Well peeps you can stop searching. I've found the sexy wrist splint so won't have to fess up to scary new OT on Tuesday. Whew! It was, of course, in the most obvious of places - in the kitchen hidden in a basket under a pile of oven gloves. Now fibro might make me as mad as a box of frogs sometimes but I know for a fact I've never tried to use said item as an oven glove or, indeed, tried to squeeze an oven glove on over it. I can only assume there is malice afoot. Having seen how much male attention I get when modelling the stunning accessory, my love rivals are trying to undermine my gorgeousness and steal my suitors. As the splint wasn't in the least bit soggy and no sign of aquatic weed, I can only assume VG has been falsely acting as stooge to put me off the scent. I am busy training up the resident chihuahua to attack intruders instead of licking them to death. You have been warned (please imagine emoticon for snarly face as not got Moffy's skills)
Found it, hooray!!!!: Well peeps you... - Fibromyalgia Acti...
Found it, hooray!!!!
Yup you have it i was forced by moffy Sandra and KazF to act as decoy while they located said wrist splint, hid it ....and then stationed themselves along your road disguised as bins bushes and a bird table to intercept all your suitors dazzled by your sexy wrist splint... In fact I think they plan to ambush your new OT replace them with Gins and give you a pathetic crepe bandage on Tuesday to dimish your charms.....
Yours VG the snitch
Hmmmm ...... Gins and tatty bandage v intimidating OT. Will decide on Tuesday which is the better option.

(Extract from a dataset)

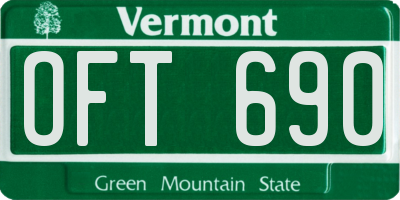 VT license plate OFT690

Curses! My dastardly plot has been discovered! Kaz - what we going to do now - our careers as criminal master-minds is under threat!

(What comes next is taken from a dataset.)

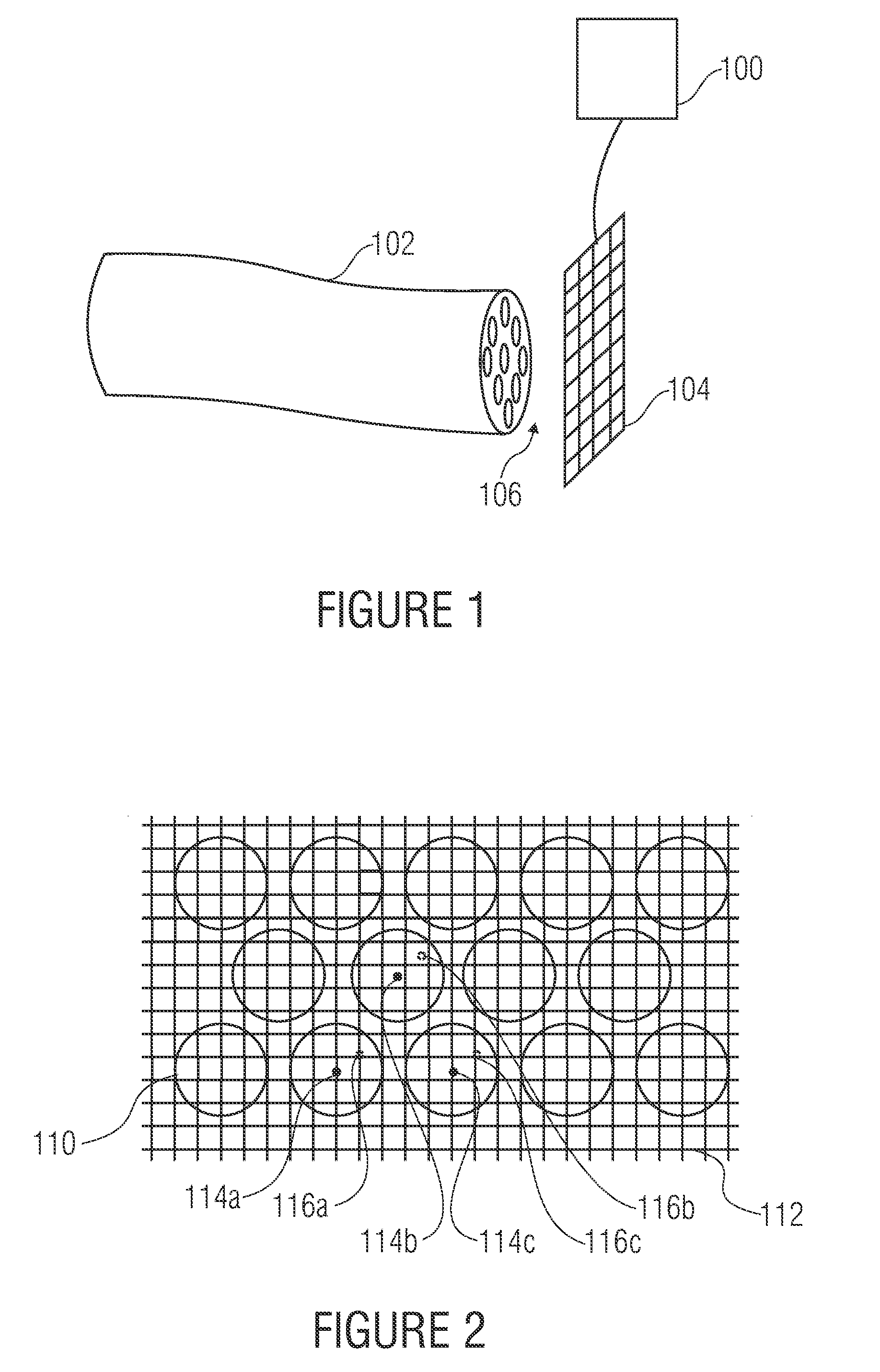 Method and device for generating a structure-free fiberscopic picture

PS. I can't do a snarly face - does anyone know how? I WANT ONE!!!! stamps foot
Exaggerated despair. Oh no Moffy! Whatever will we do now they have discovered the 'plot' we hatched!
That should keep them busy while we get on with the REAL plot, eh!
Mwhahaha.
;o :z
But they don't work on here so the best I can suggest is you take a photo of you snarling and swap them about
hi guys I managed to put it back in a basket of hundreds of oven gloves - why would you need that many? and no sign of any baking... this needs further investigation,
many of them were from famous hotels... curiouser & curiouser...
anyone missing an oven glove?
I don't know my OH cooks ooohhh goes off to check oven gloves in case my OH is one of Mistys many admirers I will sneakily slip into a conversation if he finds wrist splints enticing..
Oh no, just had a thought. Maybe my popularity with men isn't the splints after all but the trail of buns Seriously, Sandra, who in their right mind would leave evidence of baking? Even at my foggiest I can manage to remember to eat cake!
Screams ......my oven gloves are missing ....and in his sleep last night my husband mumbled something like oh what a wristsplint and I love your buns... This morning he insisted he said I,ve got whiplash and bunions but i am not convinced ;-(
I personally think you should go to the OT wearing an ovenglove!! Can you imagine their reaction lol?!
I think we should all wear individual oven gloves on our hands - they're warm, comfy and you never know when you might be passing a house where can steal a cake or pie!
name withheld.
Think I'll opt for a novelty crocodile one so it blends in. That way they'll never suspect and hide the pies.
Ohhh I have a sheep I want to be part of the novelty oven glove gang
Hmmm please, do we get a membership card?
We can't have anything incriminating in case the pie rustling is ever detected. We could maybe have a secret password so we could identify bona fide gang members.